On April 10th I promised a note on this (though that promise came from a separate conversation at apachecon, and in a different context to the security issue). Today I’ve just delivered on that promise, with a brief technical note. I expect to use it in future when the subject arises.
In generalising this for other filter modules, I’ve decided to split it out into a new transcoding module. It will be tied to libxml2 applications, and will be usable both before and after any libxml2-based content filter. For maximum efficiency, it will only handle charsets that are not supported by libxml2.
It will also support additional preprocessing fixups that experience has shown necessary. That includes adjusting charset declarations that are invalidated by transcoding, and fixing tag-soup problems that screw up libxml2’s htmlParser.

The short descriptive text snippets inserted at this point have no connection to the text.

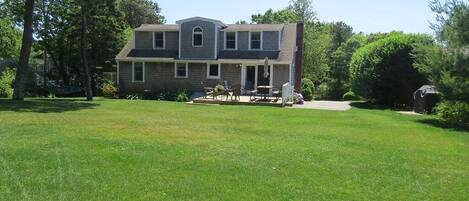 A two-story house with a front porch, a lawn, and a patio area with outdoor furniture.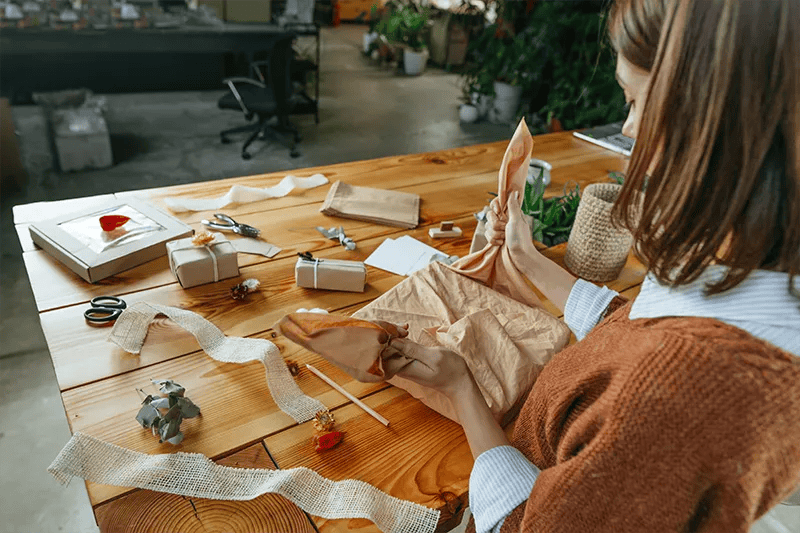 image of a woman wrapping an art piece with a cloth cover.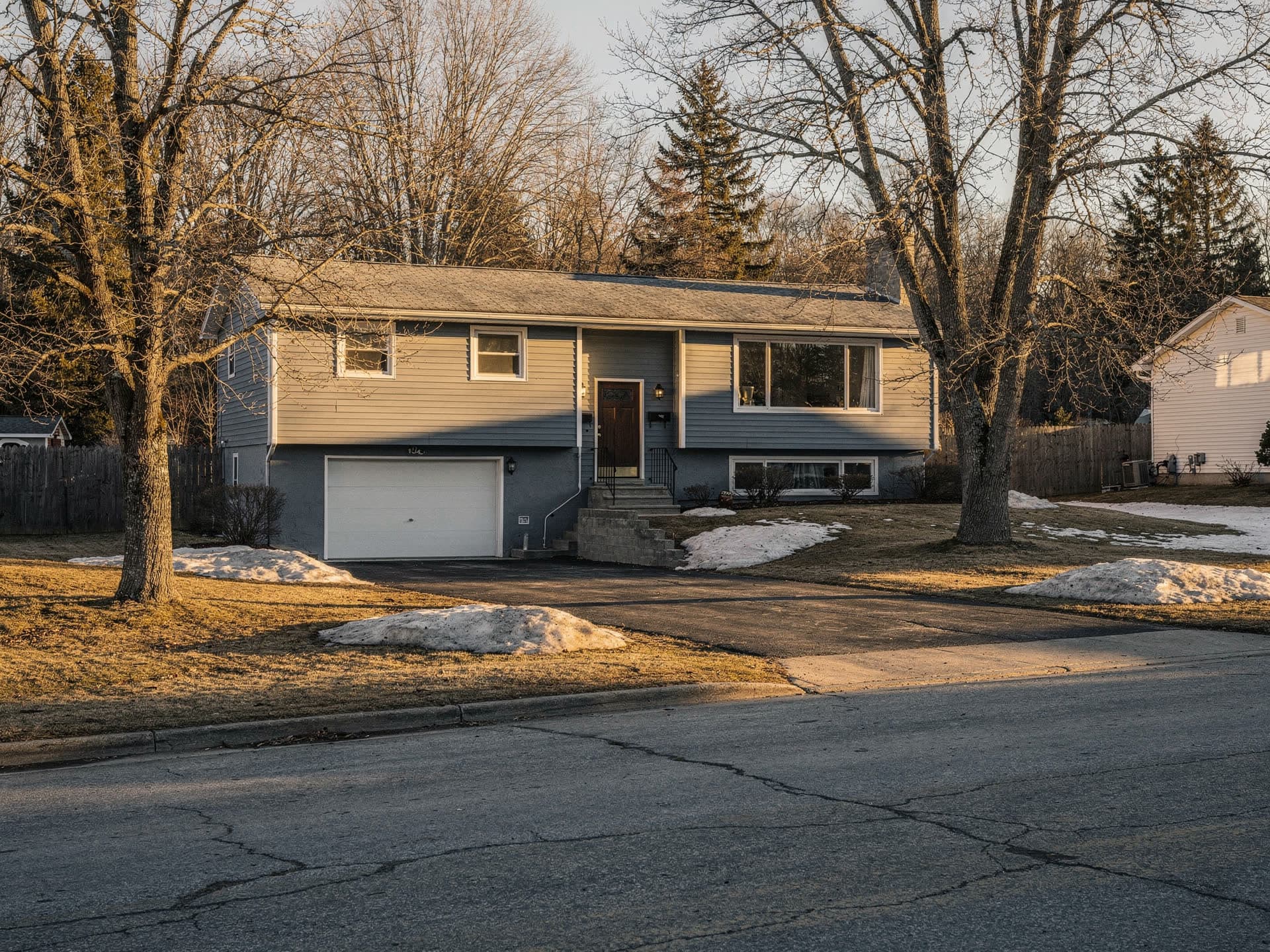 A blue grey split level house seen from across the street in low winter sun, bare trees and patches of melting snow on the lawn, the garage tucked in under the front door steps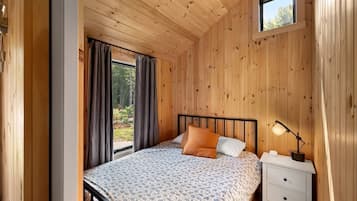 Een slaapkamer met houten lambrisering, een bed, gordijnen, een nachtkastje en een raam.
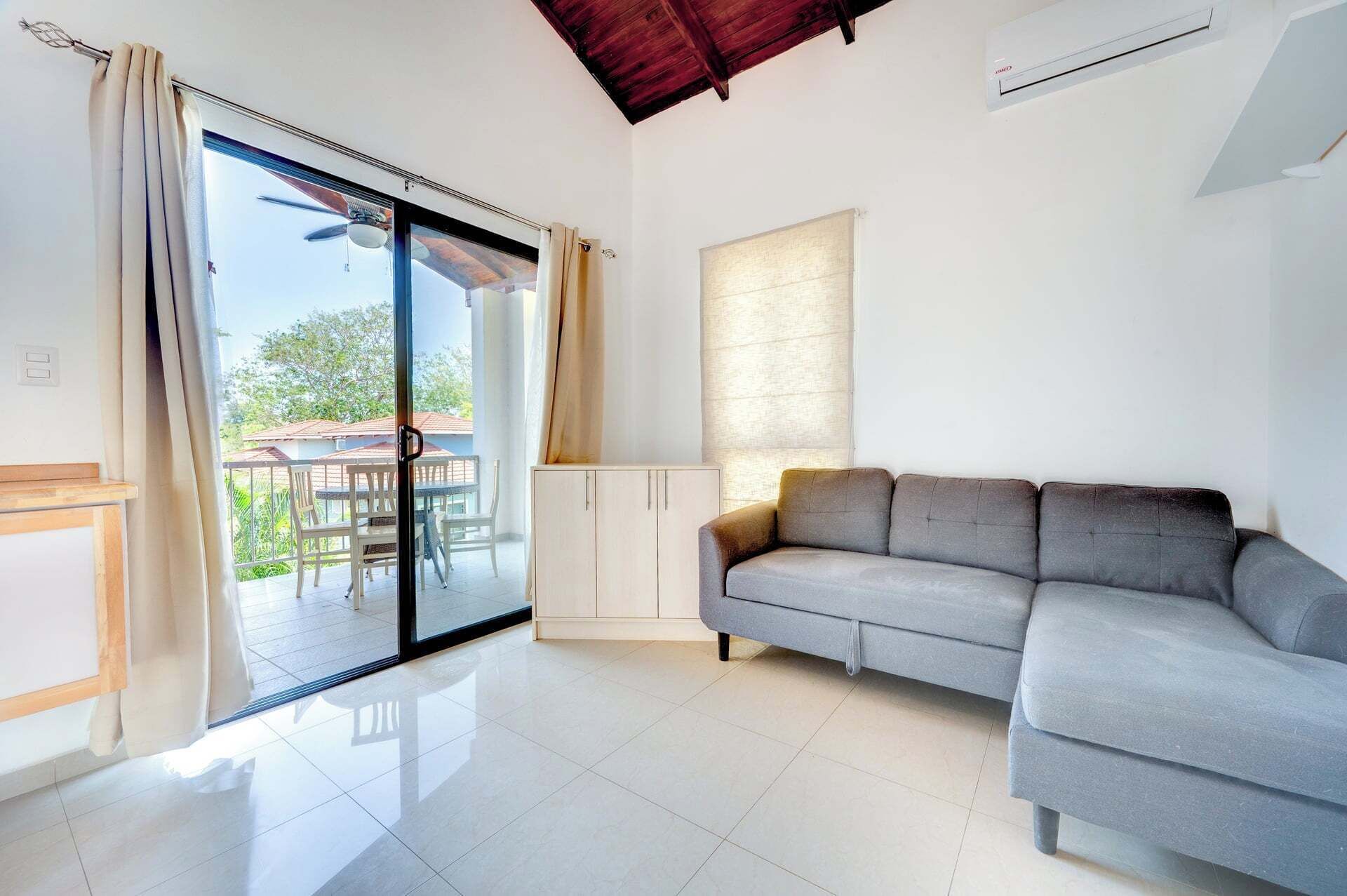 A living room with a grey sofa, a sliding glass door leading to an outdoor area, a ceiling fan, and an air conditioning unit.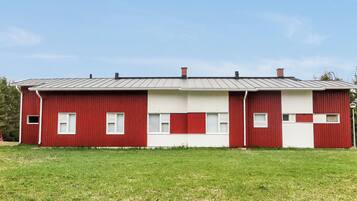 Un bâtiment rouge et blanc, surmonté d’un toit en métal, situé dans un espace verdoyant.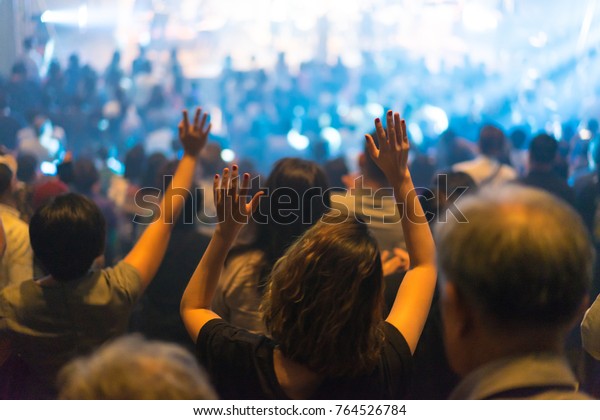 Christian worship with raised hand and pray in\
the worship concert.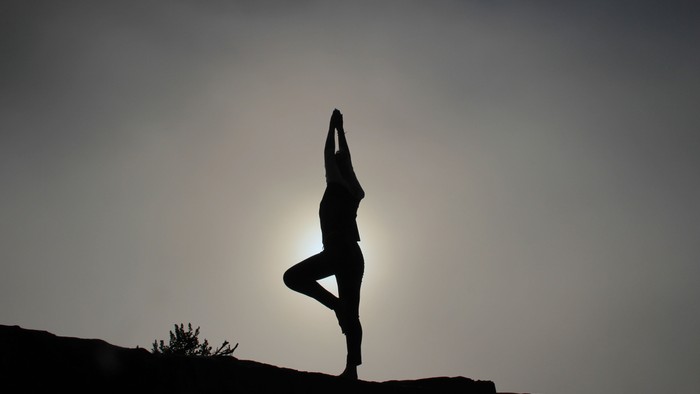 Silhouette einer Person in Yoga-Pose bei Sonnenuntergang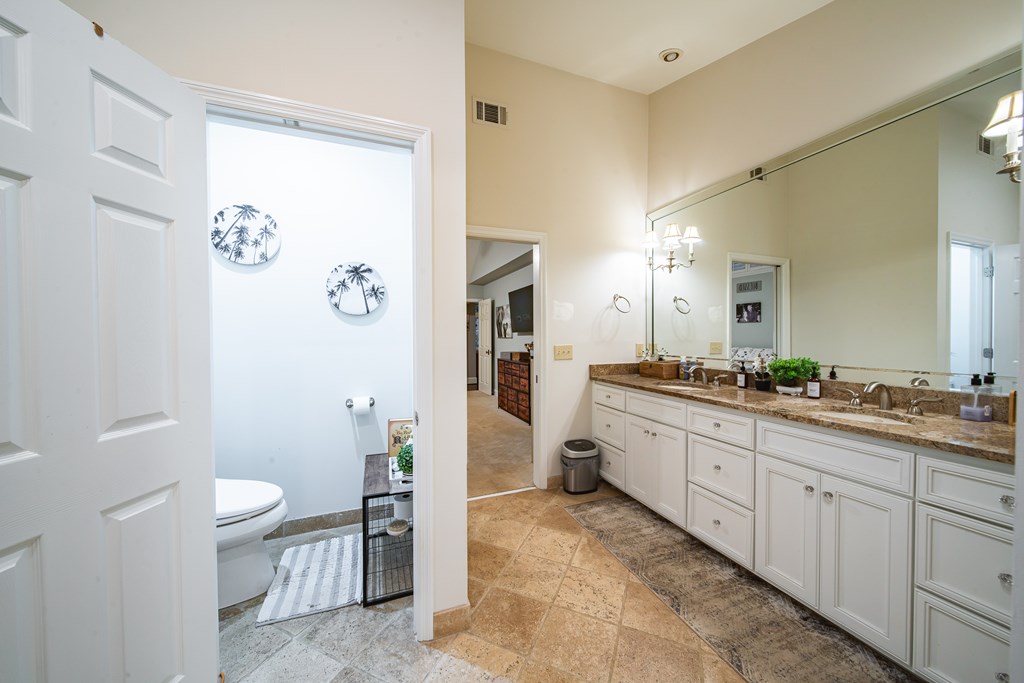517 Double Churches Road Columbus, GA 31904 - Photo 36 of 96 a large bathroom with a granite countertop sink a toilet and a shower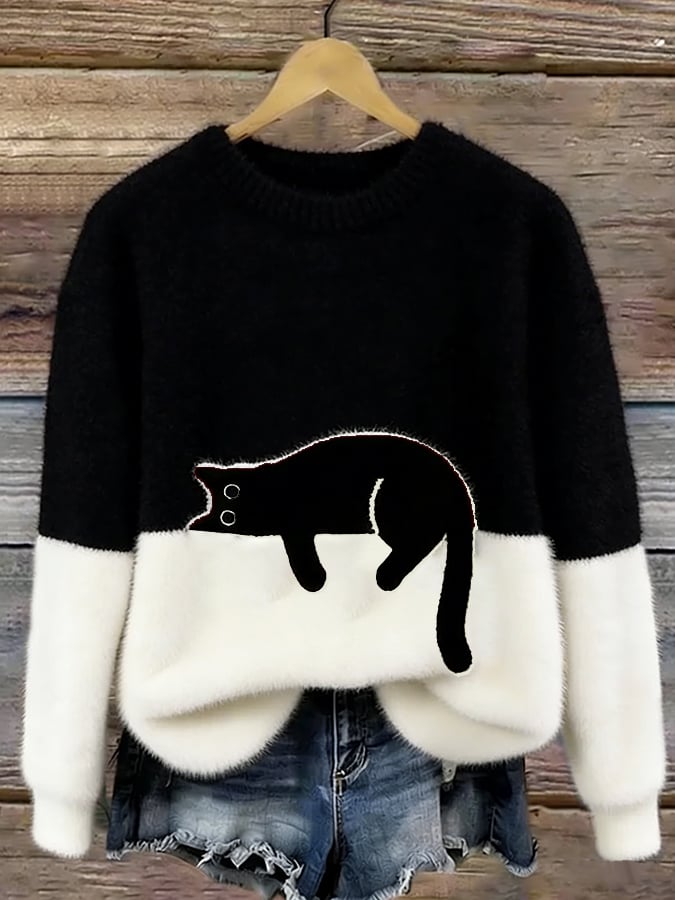 Oversized genser med kattetrykk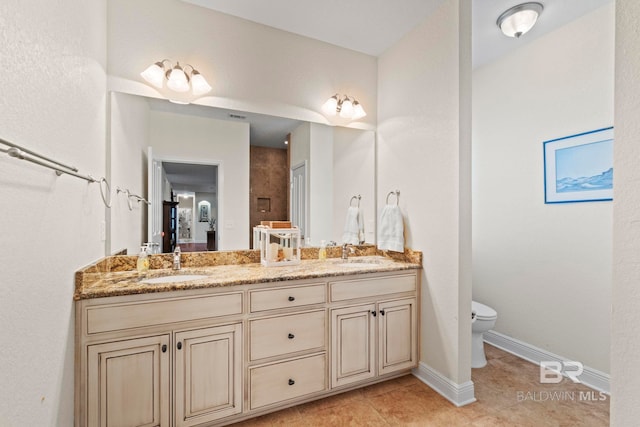 8664 Foxtail Loop, Pensacola, FL 32526 - full bathroom featuring tile patterned flooring, toilet, double vanity, and baseboards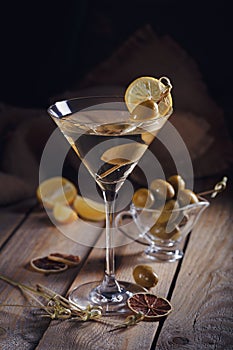 Glass of martini with green olives on a old wooden table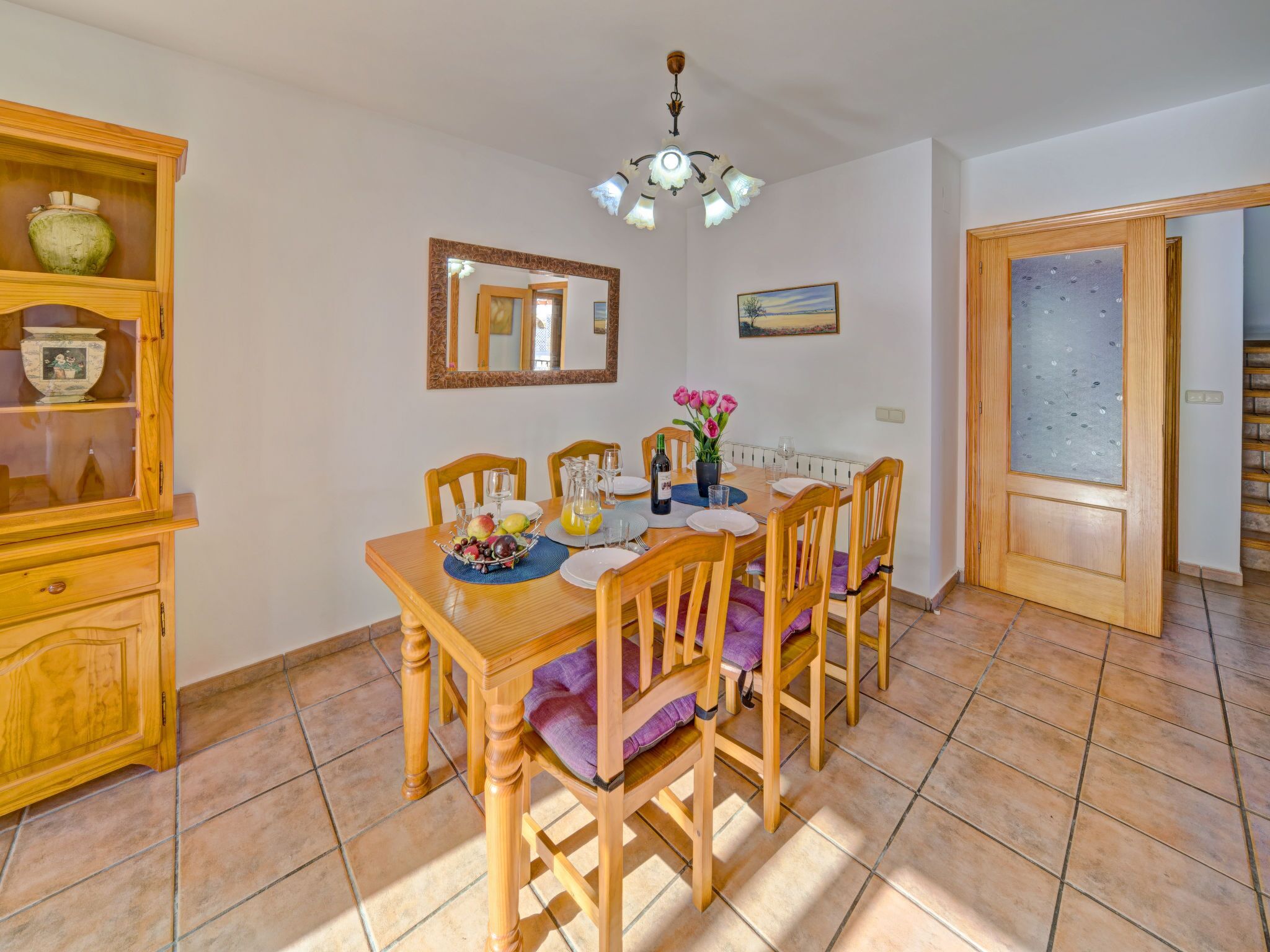 Un coin repas comprenant une table en bois, des chaises, un lustre, un miroir et un tableau accroché au mur.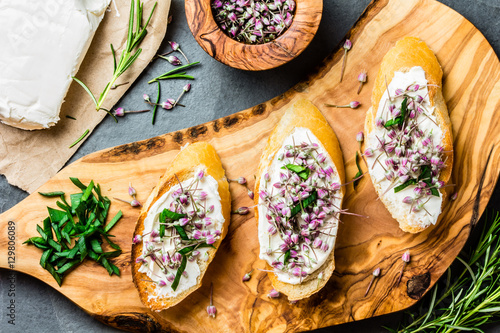 Fotografia Sandwiches with cream cheese and garlic edible flowers, olive board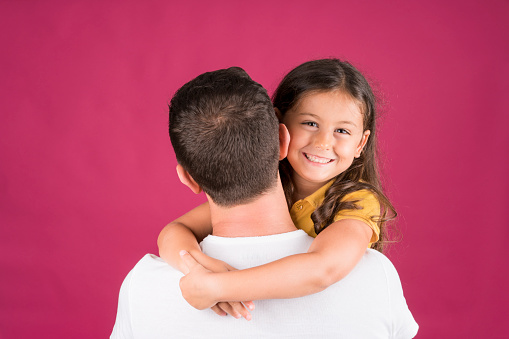Happy little girl hugs his dad, pink background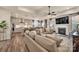 Open-concept living space featuring a modern kitchen, dining area, and a comfortable living room at 1497 Striped Bass Ln, Clover, SC 29710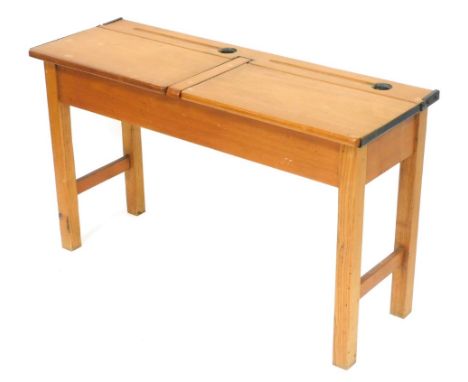 An early 20thC oak and beech twin school desk, with two hinge lids, with pen recesses and inkwell recesses behind, raised on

It won’t do anything useful yet, but I’ve committed mod_xml2enc as a work-in-progress to svn at apache.webthing.com. When ready, it’ll borrow from several existing modules, and replace transcoding and preprocessing functions in them.
I’ve just announced a public dev version of mod_proxy_html, incorporating a range of updates. That means it works nicely for me, and I’d like the outside world to start test-driving it.
First, there’s much better internationalisation support.
- A charset not supported by libxml2 can be aliased to a supported one.
- A charset that is neither supported directly nor aliased will be converted to unicode using apr_xlate (an iconv wrapper).
- A default input encoding (for totally unlabelled contents) can be configured.
- Output can be filtered through apr_xlate to a server admin’s desired encoding.
Second, support for rewriting proprietary HTML variants is now configurable. Indeed, the definitions of all link and event attributes is now delegated to httpd.conf, and an example configuration is supplied, defining the links and events in W3C HTML 4.01 and XHTML 1.0.
When I announced it here I got two requests, one of which was easy to satisfy. You can now override its refusal to run when not in a proxy context, or when the input isn’t HTML. This of course is at your own risk, to help dealing with broken backends.
This is one of a number of new fixes available for broken backends. Others include an option to ignore leading junk, and the capability to strip out bogus or deprecated markup and output cleaned up HTML or XHTML.
Finally, Version 3 introduces more flexible configuration. It now supports variable interpolation in ProxyHTMLURLMap rules, and allows an additional clause making application of individual rules conditional on an environment variable. So configuration can now be dynamic – e.g. driven by mod_rewrite – when <Location> / <LocationMatch> sections aren’t sufficiently flexible.
I’ve just had a good hacking session on mod_proxy_html (version 3.0-dev of course; 2.x isn’t getting major new features).
I had contemplated adding DTD support using the code from mod_publisher. But that’s OTT for a specifically-HTML module. Instead, I’ve added the capability to check HTML conformance to HTML4/XHTML1, using the HTML knowledge built into libxml2. And in doing so, I recollect hacking up that little bit of libxml2 myself back when I was developing AccessValet:-)
So now a server admin can enable checking either to current or legacy (X)HTML standards (the difference being that the legacy – aka transitional – DTD allows deprecated markup). If checking is enabled, then any bogus crap will be dumped. This will be logged at loglevel DEBUG. It’ll also complain if an HTML element is missing a REQUIRED attribute (e.g. ALT on an image), though of course it can’t fix that.
I’m contemplating also supporting context checking, so it’ll fix up elements that are valid, but appear in a context where they’re not valid. That’s something libxml2 can fix (up to a point) as well as log. But that’s rather more overhead to implement, because it means saving state over the SAX callbacks.